Information provided ::
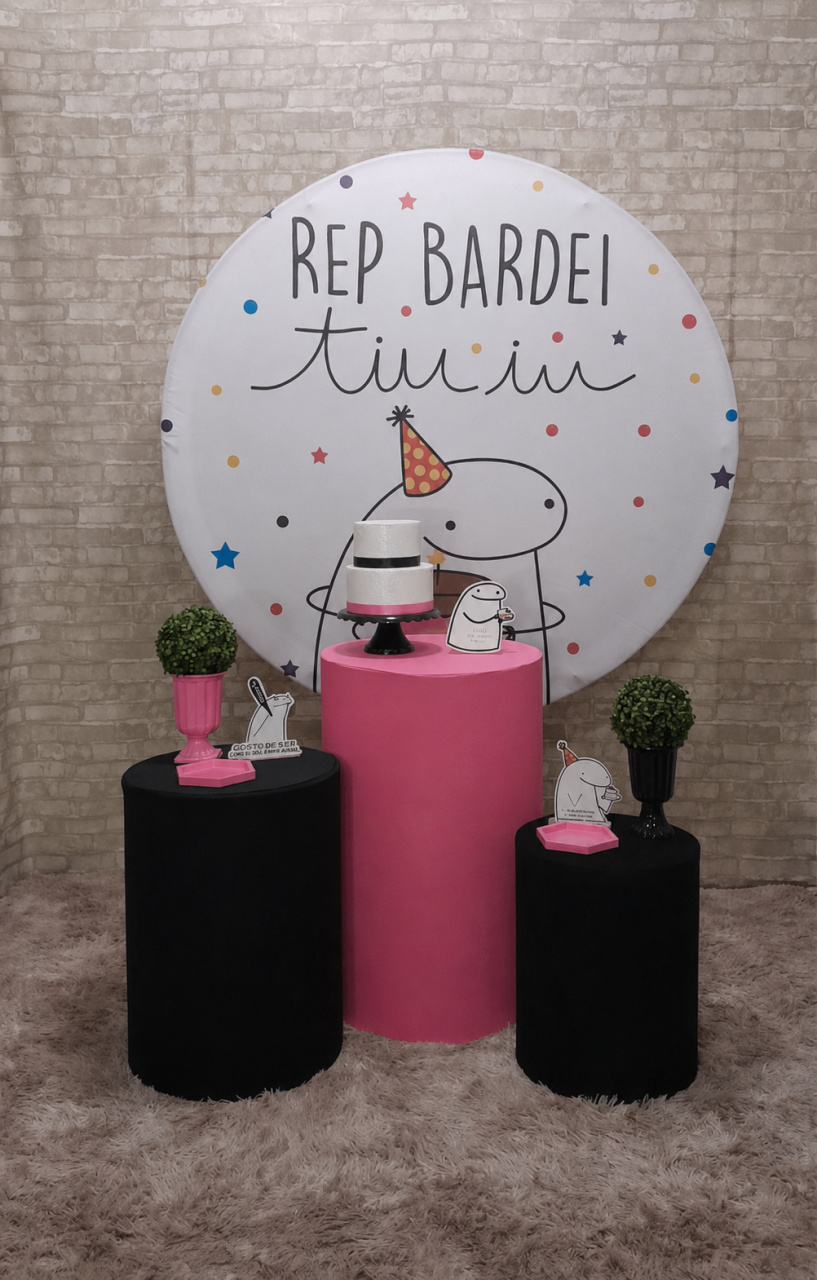 Kit Slim Flork Rosa/Preto - Up Festas 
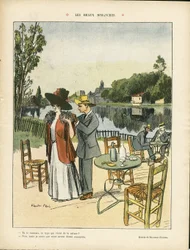 Ricardo Flores (1878-1918) のイラスト、Le Rire, 04/07/08 - 美しい日曜日 - レジャー、自然、植生、建築、都市、レストラン、カフェ、海事、海辺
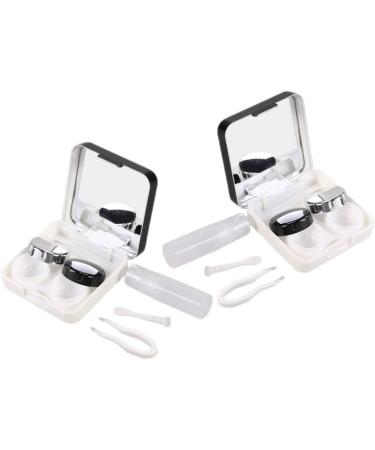 Faruta 2-Part Contact Lens Travel Set - Black Holder with Tweezers & Solution for Women & Girls - International Shipping Available - Buy Online on GoSupps.com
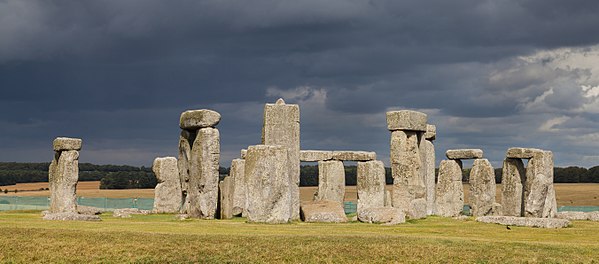 The world famous Stonehenge in a stormy day, a prehistoric monument located in the southwest of England, near Salisbury, in the Wiltshire county. Stonehenge is the remains of a ring of standing stones set within earthworks that dates anywhere from 3000 BC to 2000 BC.
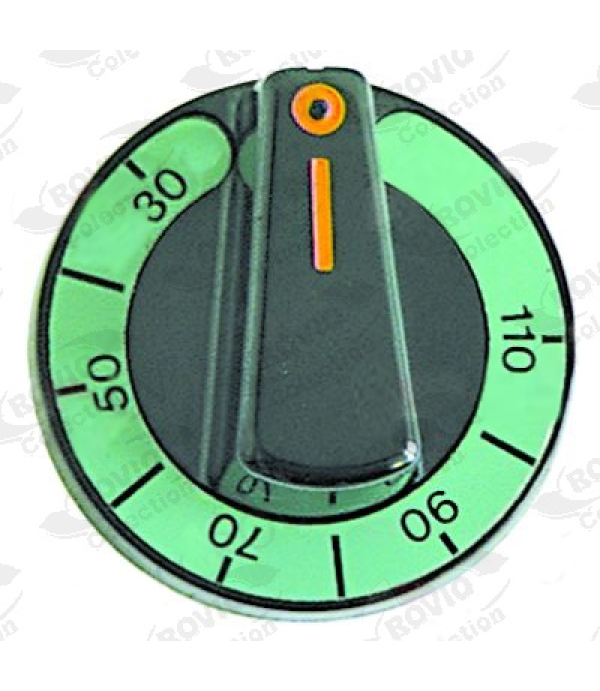 Buton comanda , cu indicator de temperatura de la 30 la 110 &mdash;&brvbar;C, diametru de 60mm, montare pe ax termostat de 6x4.6mm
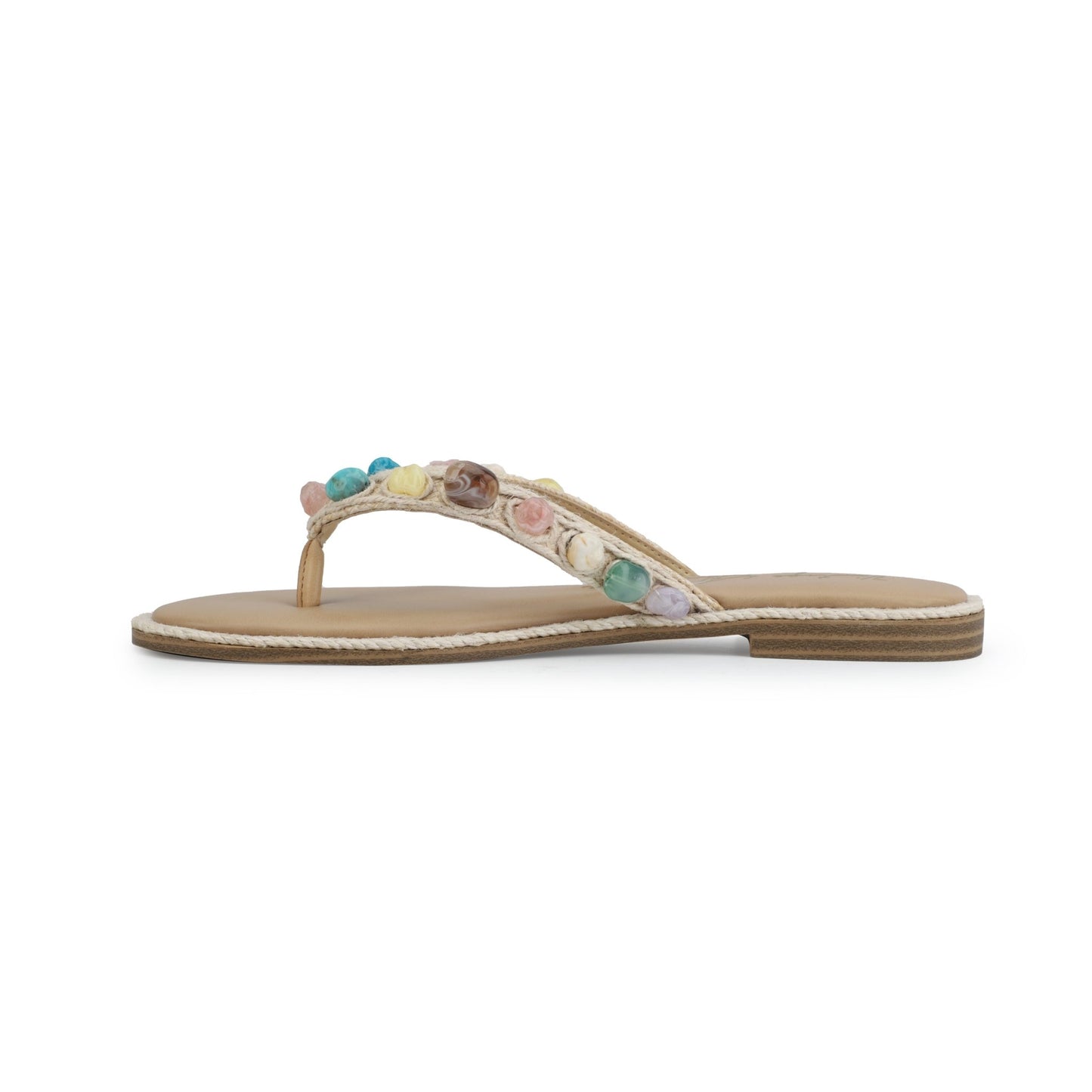 Vintage Havana Sandy Beige Gemstone Flip Flops feature a tan sole, thong strap, and pastel stones and flowers for a retro vibe.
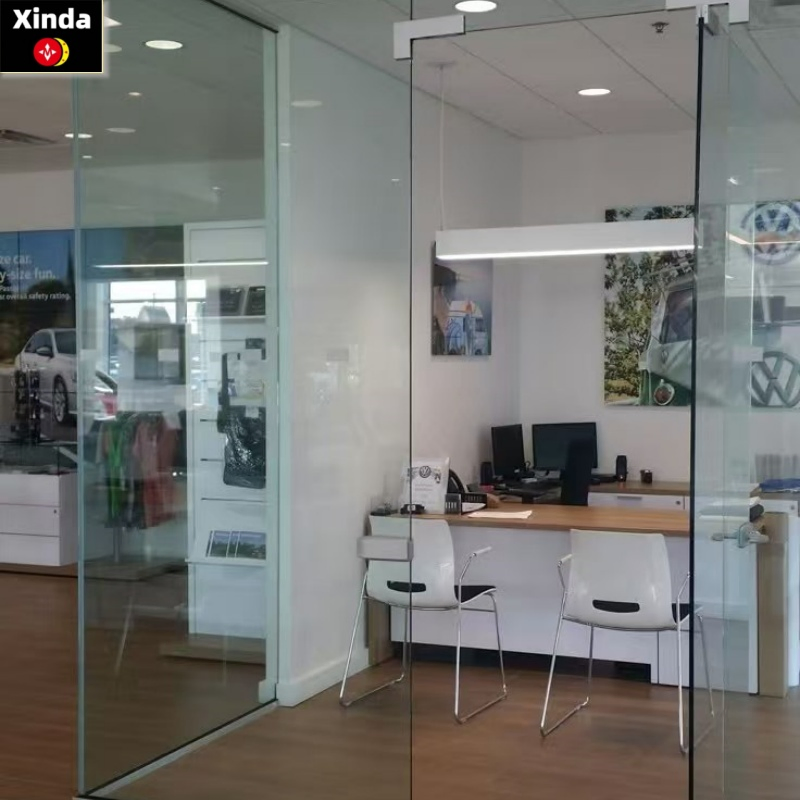 Glass Partition Wall Frameless Glass Partition Wall for Meeting Single Glass Partition Easy Assembled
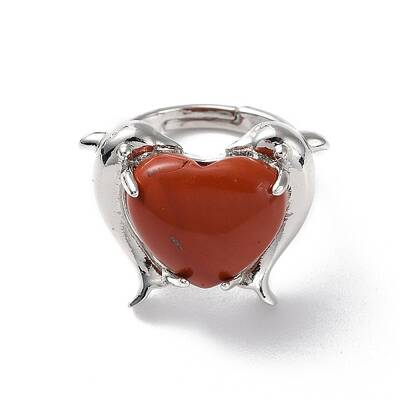 Natural Red Jasper Dolphin & Heart Adjustable Rings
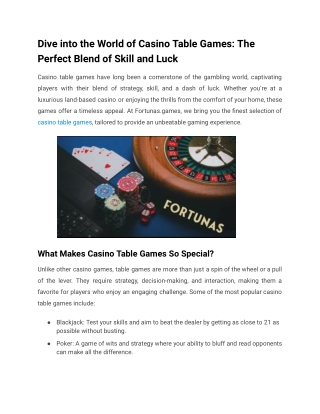 Dive into the World of Casino Table Games_ The Perfect Blend of Skill and Luck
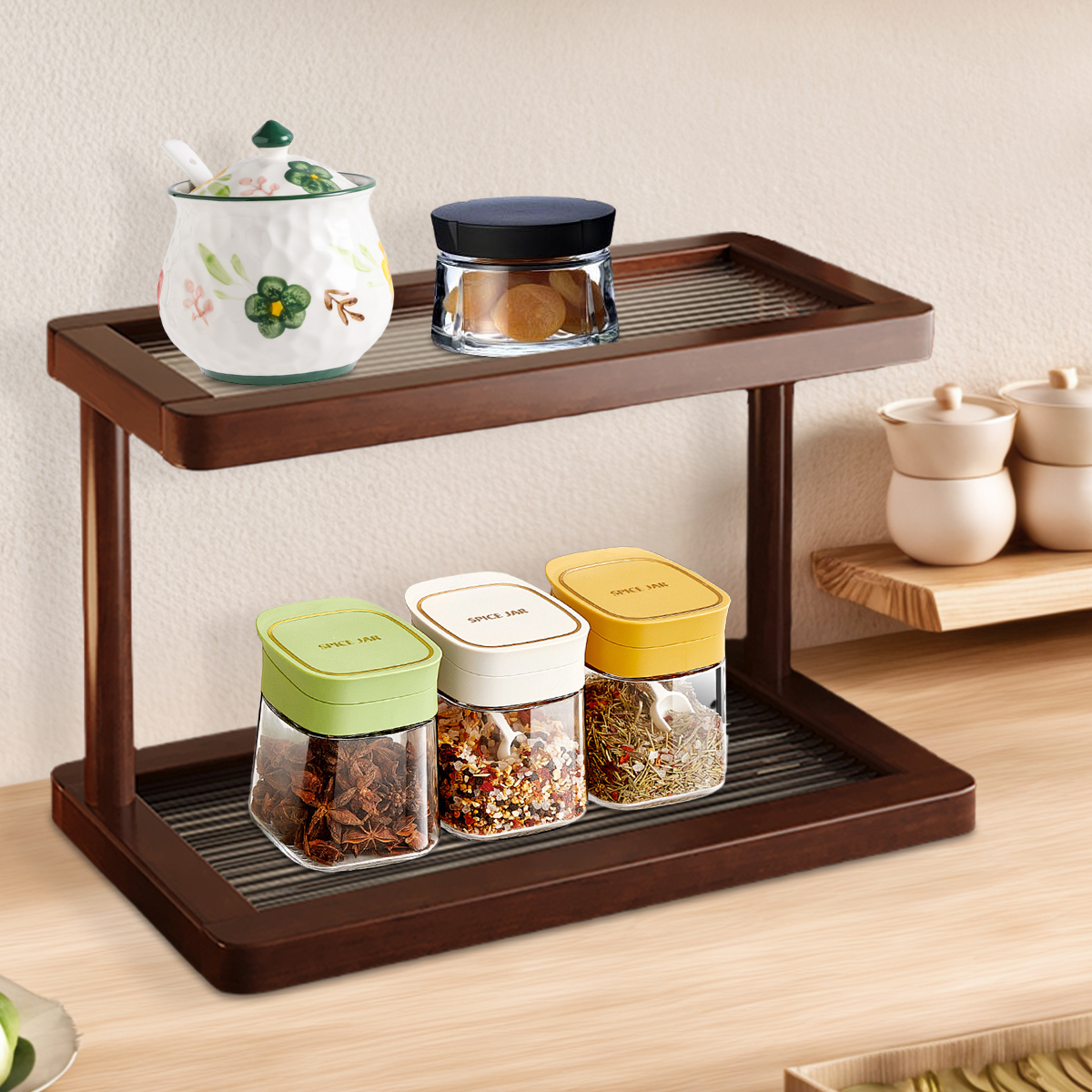 Organizador de vaidade de bambu de 2 camadas com base acrílica, rack de armazenamento ecológico de cosméticos/perfumes para banheiro e cozinha (noz)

Problem statement :: Word for word, give the entries above again, with no images included.

Response to the exercise ::
 Kit Slim Flork Rosa/Preto - Up Festas 
 Ricardo Flores (1878-1918) のイラスト、Le Rire, 04/07/08 - 美しい日曜日 - レジャー、自然、植生、建築、都市、レストラン、カフェ、海事、海辺
 Faruta 2-Part Contact Lens Travel Set - Black Holder with Tweezers & Solution for Women & Girls - International Shipping Available - Buy Online on GoSupps.com
 The world famous Stonehenge in a stormy day, a prehistoric monument located in the southwest of England, near Salisbury, in the Wiltshire county. Stonehenge is the remains of a ring of standing stones set within earthworks that dates anywhere from 3000 BC to 2000 BC.
 Buton comanda , cu indicator de temperatura de la 30 la 110 &mdash;&brvbar;C, diametru de 60mm, montare pe ax termostat de 6x4.6mm
 Vintage Havana Sandy Beige Gemstone Flip Flops feature a tan sole, thong strap, and pastel stones and flowers for a retro vibe.
 Glass Partition Wall Frameless Glass Partition Wall for Meeting Single Glass Partition Easy Assembled
 Natural Red Jasper Dolphin & Heart Adjustable Rings
 Dive into the World of Casino Table Games_ The Perfect Blend of Skill and Luck
 Organizador de vaidade de bambu de 2 camadas com base acrílica, rack de armazenamento ecológico de cosméticos/perfumes para banheiro e cozinha (noz)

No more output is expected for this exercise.